Your reply should consist solely of the lines from the one containing "Chanel Quilted Calfskin" through the end of the data, restated word for word.

__________

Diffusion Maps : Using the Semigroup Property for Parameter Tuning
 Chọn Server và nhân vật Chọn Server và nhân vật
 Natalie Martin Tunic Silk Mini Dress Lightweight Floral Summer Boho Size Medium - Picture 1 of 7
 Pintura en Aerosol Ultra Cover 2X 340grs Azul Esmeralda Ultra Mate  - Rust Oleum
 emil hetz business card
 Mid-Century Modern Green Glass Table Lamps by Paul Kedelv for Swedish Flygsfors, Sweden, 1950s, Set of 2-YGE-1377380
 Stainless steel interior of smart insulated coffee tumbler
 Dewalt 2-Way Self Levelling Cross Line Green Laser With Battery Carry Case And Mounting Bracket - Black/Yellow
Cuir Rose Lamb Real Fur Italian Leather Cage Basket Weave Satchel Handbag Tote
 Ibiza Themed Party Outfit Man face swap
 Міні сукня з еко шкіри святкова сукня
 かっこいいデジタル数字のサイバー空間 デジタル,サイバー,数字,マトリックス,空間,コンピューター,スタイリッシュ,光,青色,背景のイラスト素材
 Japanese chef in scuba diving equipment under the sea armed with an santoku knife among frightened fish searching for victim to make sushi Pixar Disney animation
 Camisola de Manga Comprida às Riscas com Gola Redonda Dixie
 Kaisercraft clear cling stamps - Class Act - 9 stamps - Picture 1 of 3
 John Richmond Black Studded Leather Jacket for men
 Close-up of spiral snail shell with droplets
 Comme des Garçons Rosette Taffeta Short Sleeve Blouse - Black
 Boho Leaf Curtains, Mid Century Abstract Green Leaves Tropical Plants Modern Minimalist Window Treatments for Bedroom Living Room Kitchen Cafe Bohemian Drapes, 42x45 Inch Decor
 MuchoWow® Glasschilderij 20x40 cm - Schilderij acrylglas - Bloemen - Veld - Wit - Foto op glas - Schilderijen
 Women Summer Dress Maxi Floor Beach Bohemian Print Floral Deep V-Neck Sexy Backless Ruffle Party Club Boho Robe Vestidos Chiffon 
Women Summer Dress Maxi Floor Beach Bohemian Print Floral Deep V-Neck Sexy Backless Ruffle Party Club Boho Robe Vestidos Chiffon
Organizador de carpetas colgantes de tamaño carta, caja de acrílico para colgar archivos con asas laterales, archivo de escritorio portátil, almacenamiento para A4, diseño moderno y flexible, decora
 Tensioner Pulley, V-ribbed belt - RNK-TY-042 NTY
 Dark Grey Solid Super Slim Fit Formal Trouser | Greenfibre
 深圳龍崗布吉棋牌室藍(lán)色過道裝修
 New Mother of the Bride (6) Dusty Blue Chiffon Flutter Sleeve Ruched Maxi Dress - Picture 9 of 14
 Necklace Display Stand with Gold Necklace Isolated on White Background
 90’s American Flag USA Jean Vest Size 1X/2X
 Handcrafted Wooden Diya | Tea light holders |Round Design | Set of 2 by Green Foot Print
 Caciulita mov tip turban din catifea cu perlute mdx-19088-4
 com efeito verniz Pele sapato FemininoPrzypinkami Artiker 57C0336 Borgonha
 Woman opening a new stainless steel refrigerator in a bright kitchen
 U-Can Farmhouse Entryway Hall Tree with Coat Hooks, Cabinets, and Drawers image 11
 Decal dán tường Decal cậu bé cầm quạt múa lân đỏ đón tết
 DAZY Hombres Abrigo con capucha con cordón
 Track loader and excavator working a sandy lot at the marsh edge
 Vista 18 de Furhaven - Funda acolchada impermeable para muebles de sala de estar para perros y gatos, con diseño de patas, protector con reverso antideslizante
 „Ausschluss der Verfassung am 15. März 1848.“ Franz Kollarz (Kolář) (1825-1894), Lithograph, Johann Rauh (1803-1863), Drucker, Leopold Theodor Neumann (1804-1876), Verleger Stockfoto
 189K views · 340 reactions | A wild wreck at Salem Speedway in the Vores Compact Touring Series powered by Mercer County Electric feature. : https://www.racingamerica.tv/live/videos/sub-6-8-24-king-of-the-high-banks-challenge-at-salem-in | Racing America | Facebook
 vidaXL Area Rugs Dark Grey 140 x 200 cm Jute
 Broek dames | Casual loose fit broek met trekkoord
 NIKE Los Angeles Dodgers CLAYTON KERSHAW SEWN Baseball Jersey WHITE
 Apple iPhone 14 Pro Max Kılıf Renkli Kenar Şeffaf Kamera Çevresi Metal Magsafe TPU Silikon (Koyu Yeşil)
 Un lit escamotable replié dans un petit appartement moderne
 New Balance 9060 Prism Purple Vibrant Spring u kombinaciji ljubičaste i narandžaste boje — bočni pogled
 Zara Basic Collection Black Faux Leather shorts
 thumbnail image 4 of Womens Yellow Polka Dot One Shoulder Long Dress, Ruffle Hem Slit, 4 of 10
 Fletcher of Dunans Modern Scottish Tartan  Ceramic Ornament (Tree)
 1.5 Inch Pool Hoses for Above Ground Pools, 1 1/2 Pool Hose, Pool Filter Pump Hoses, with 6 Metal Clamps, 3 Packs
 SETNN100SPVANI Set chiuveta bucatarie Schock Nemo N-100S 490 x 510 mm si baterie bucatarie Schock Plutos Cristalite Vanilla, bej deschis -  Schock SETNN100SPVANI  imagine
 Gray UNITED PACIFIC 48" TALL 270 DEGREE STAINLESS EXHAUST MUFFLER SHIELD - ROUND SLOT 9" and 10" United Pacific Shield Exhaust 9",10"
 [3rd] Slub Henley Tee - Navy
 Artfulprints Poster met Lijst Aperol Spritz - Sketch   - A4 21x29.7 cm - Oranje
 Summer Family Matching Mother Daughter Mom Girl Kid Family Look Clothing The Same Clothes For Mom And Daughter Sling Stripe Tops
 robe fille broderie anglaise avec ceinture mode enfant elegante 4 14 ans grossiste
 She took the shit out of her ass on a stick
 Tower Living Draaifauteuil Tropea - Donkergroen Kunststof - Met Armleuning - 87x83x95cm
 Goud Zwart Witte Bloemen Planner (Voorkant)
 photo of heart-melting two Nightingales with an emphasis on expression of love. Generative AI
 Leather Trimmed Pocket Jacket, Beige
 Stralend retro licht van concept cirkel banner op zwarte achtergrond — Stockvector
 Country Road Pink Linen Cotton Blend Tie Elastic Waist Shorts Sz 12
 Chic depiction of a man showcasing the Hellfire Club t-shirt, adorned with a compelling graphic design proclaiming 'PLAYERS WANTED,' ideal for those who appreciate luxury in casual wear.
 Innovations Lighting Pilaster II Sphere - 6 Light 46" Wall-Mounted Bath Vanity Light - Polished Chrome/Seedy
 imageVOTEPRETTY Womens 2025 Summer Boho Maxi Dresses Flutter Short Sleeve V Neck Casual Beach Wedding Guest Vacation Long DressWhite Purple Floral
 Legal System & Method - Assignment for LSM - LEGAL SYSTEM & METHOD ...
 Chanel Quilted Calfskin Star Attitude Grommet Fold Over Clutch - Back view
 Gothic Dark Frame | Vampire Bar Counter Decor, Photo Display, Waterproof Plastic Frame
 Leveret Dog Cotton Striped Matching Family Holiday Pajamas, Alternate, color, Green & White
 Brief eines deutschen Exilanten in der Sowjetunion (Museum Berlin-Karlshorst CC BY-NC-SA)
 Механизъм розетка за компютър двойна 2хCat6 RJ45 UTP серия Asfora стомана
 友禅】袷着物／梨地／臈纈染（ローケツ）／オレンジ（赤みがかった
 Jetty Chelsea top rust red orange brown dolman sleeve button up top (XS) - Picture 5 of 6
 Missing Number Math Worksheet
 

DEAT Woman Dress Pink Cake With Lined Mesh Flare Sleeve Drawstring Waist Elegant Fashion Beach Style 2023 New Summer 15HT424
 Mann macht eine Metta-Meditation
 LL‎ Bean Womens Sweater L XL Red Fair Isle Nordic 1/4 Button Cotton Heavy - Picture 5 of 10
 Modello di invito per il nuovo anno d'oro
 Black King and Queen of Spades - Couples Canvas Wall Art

__________

**Result of this task**
 Chanel Quilted Calfskin Star Attitude Grommet Fold Over Clutch - Back view
 Gothic Dark Frame | Vampire Bar Counter Decor, Photo Display, Waterproof Plastic Frame
 Leveret Dog Cotton Striped Matching Family Holiday Pajamas, Alternate, color, Green & White
 Brief eines deutschen Exilanten in der Sowjetunion (Museum Berlin-Karlshorst CC BY-NC-SA)
 Механизъм розетка за компютър двойна 2хCat6 RJ45 UTP серия Asfora стомана
 友禅】袷着物／梨地／臈纈染（ローケツ）／オレンジ（赤みがかった
 Jetty Chelsea top rust red orange brown dolman sleeve button up top (XS) - Picture 5 of 6
 Missing Number Math Worksheet
 

DEAT Woman Dress Pink Cake With Lined Mesh Flare Sleeve Drawstring Waist Elegant Fashion Beach Style 2023 New Summer 15HT424
 Mann macht eine Metta-Meditation
 LL‎ Bean Womens Sweater L XL Red Fair Isle Nordic 1/4 Button Cotton Heavy - Picture 5 of 10
 Modello di invito per il nuovo anno d'oro
 Black King and Queen of Spades - Couples Canvas Wall Art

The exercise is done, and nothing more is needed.